### What is being asked
For each line of the material, write out an exact copy.

### Extracted information
========================================

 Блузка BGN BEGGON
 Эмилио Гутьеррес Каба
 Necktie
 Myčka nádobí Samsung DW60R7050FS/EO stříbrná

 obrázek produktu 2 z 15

========================================

### Answer section
 Блузка BGN BEGGON
 Эмилио Гутьеррес Каба
 Necktie
 Myčka nádobí Samsung DW60R7050FS/EO stříbrná

 obrázek produktu 2 z 15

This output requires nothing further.